# Task details:
Pictures must not appear in the copy. Restate exactly the lines below from the one with "Dataset Image" through the one with "anak ayam shamo Japan umur 1bulan lebih", inclusive.

--- The input ---

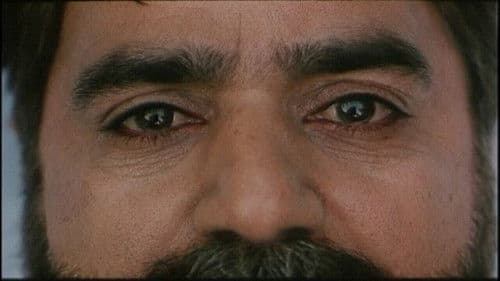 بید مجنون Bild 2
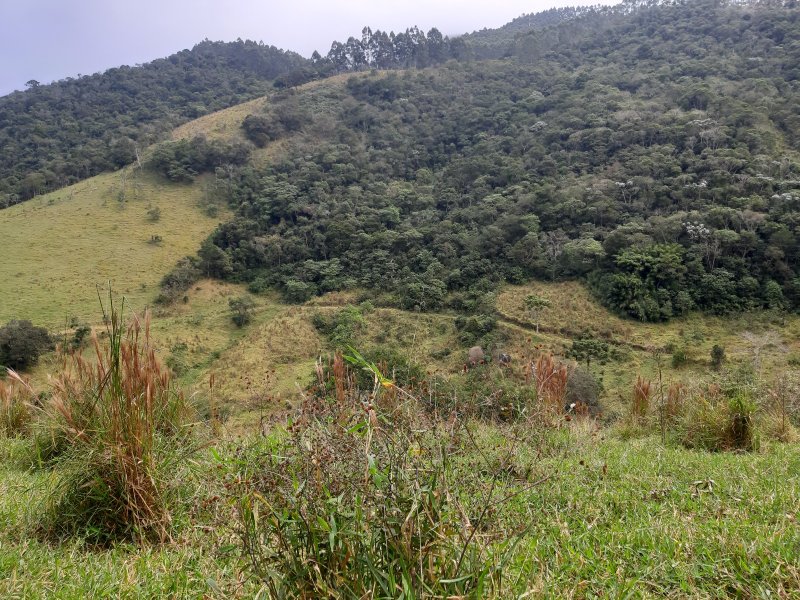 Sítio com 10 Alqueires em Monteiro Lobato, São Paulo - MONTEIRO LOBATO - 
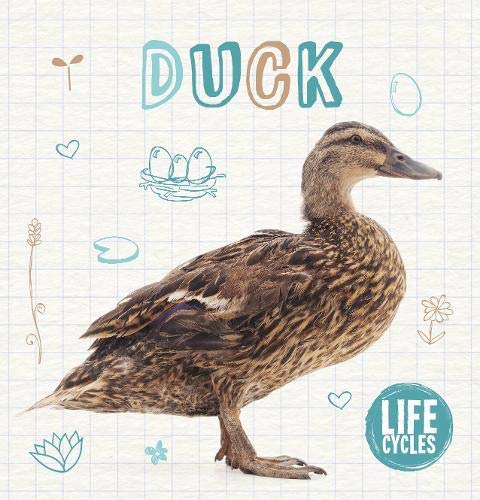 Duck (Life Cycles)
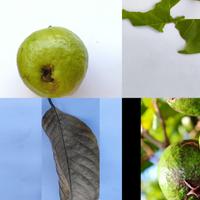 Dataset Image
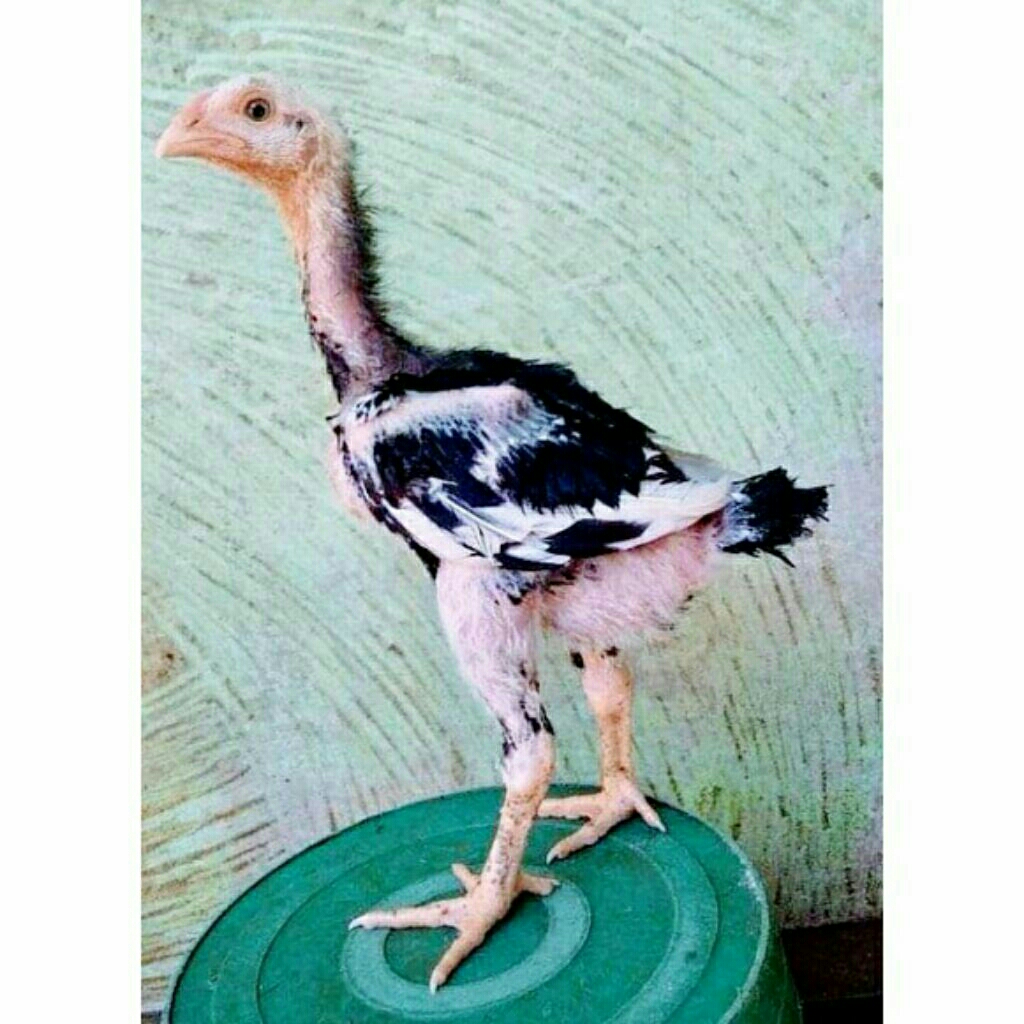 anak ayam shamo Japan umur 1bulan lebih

---
--- The input ---

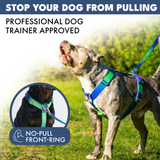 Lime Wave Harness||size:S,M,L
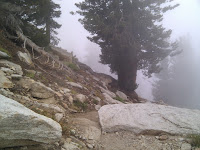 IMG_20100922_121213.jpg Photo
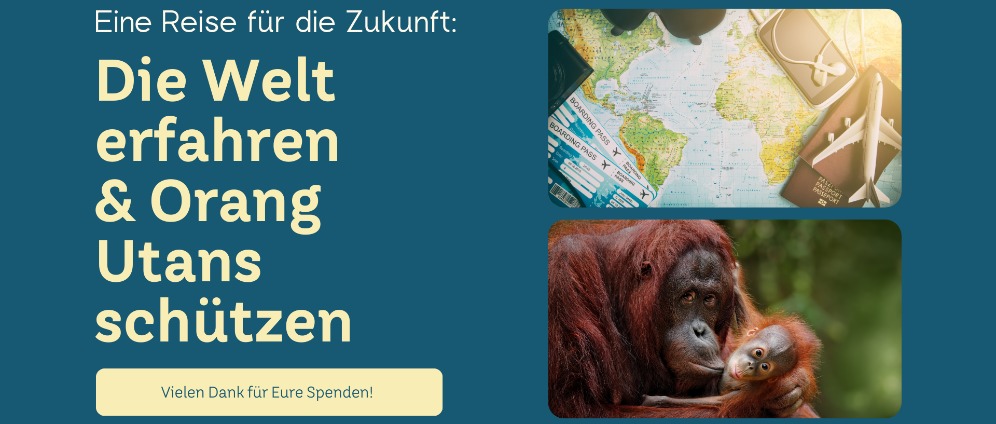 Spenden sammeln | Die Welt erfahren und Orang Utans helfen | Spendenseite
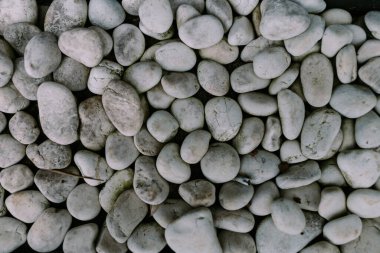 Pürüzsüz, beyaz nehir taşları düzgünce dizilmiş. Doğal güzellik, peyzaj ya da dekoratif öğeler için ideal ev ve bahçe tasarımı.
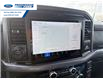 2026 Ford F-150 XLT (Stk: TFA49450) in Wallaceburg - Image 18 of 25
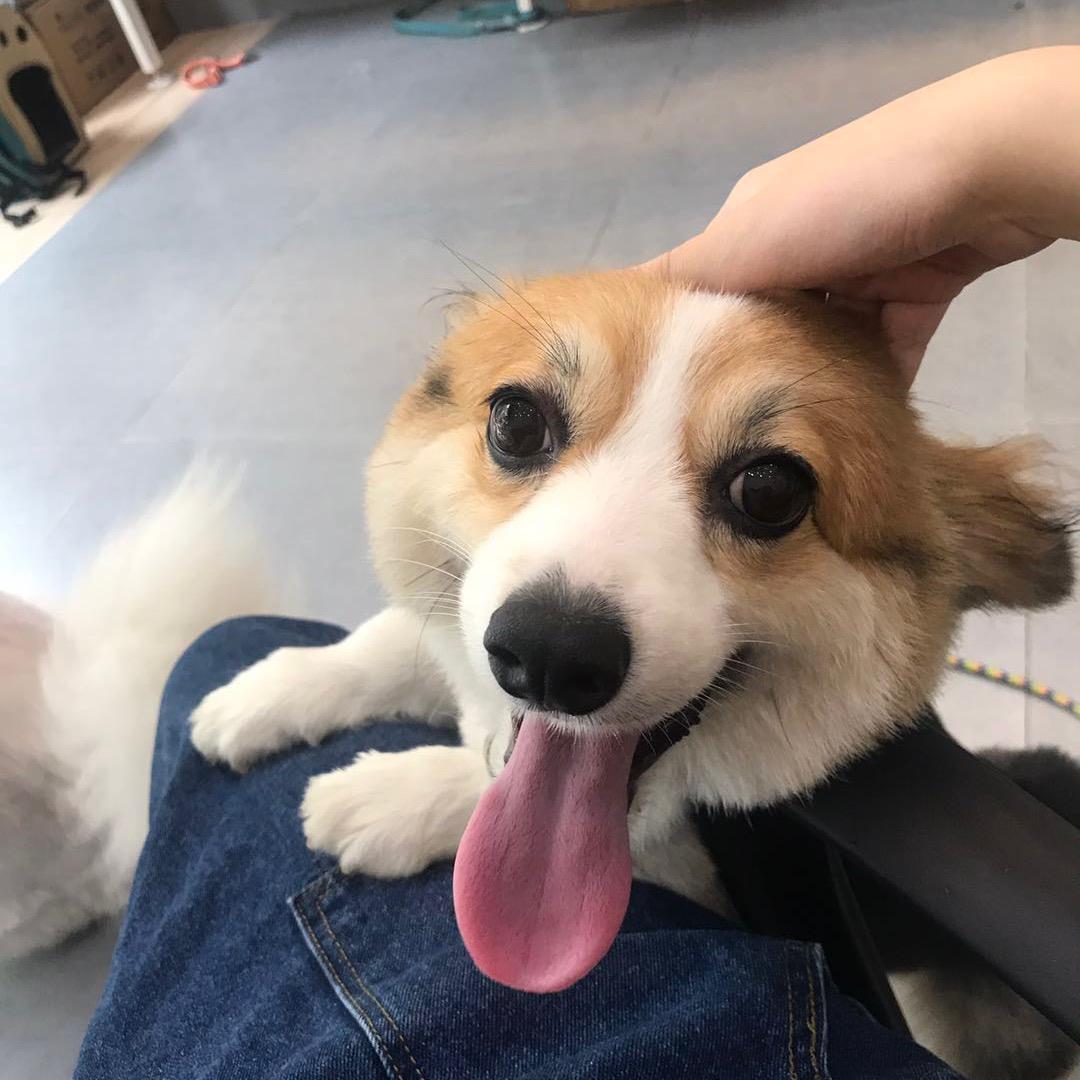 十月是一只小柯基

---

# Final answer:
 Dataset Image
 anak ayam shamo Japan umur 1bulan lebih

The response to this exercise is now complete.